• [TASK INPUT]:
Start of Block

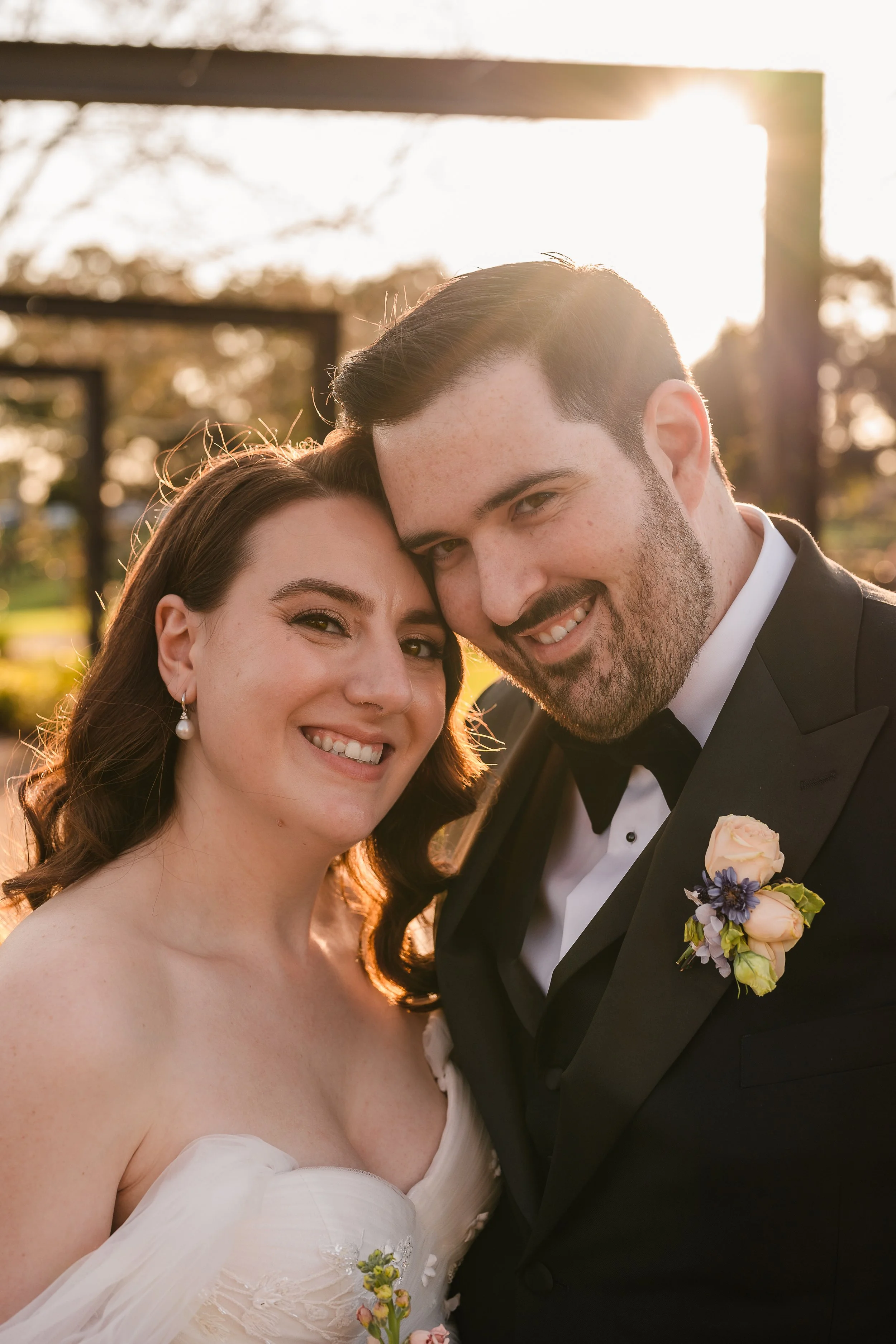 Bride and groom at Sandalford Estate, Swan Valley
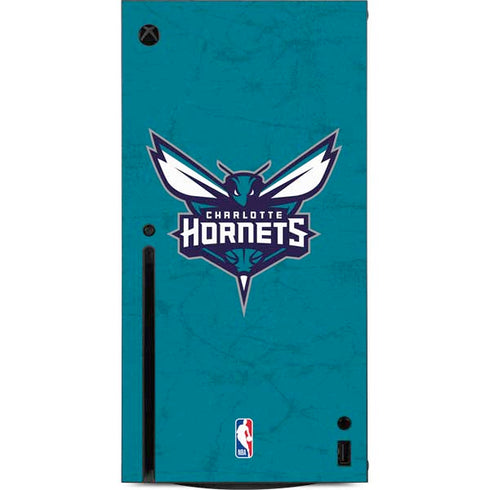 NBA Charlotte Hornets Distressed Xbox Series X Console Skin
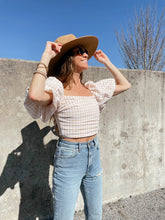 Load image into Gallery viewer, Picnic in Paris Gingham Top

End of Block
Start of Block

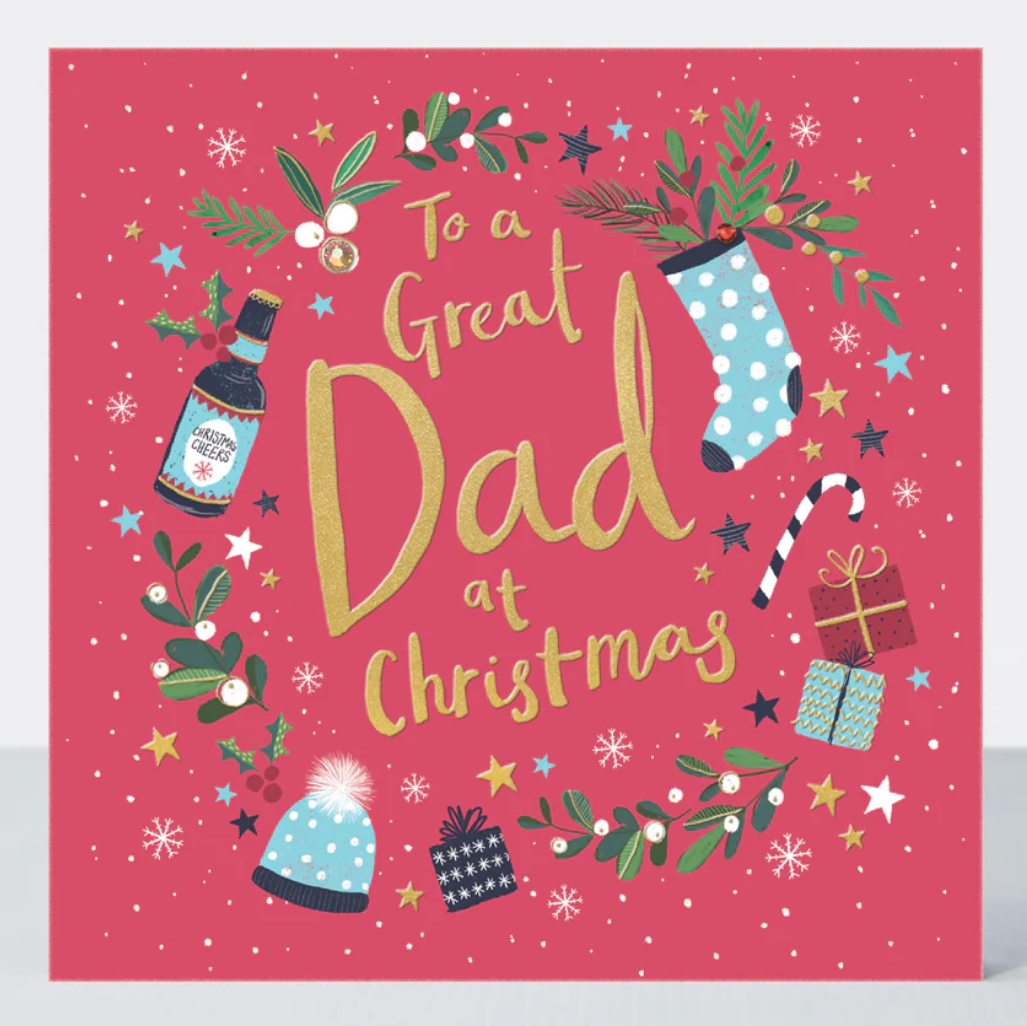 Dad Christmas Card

End of Block

• [YOUR TASK]:
Copy out exactly the material that runs from the line with "NBA Charlotte Hornets" to the line with "Load image into", ends included, and leave the pictures behind.

• [REPLY]:
 NBA Charlotte Hornets Distressed Xbox Series X Console Skin
 Load image into Gallery viewer, Picnic in Paris Gingham Top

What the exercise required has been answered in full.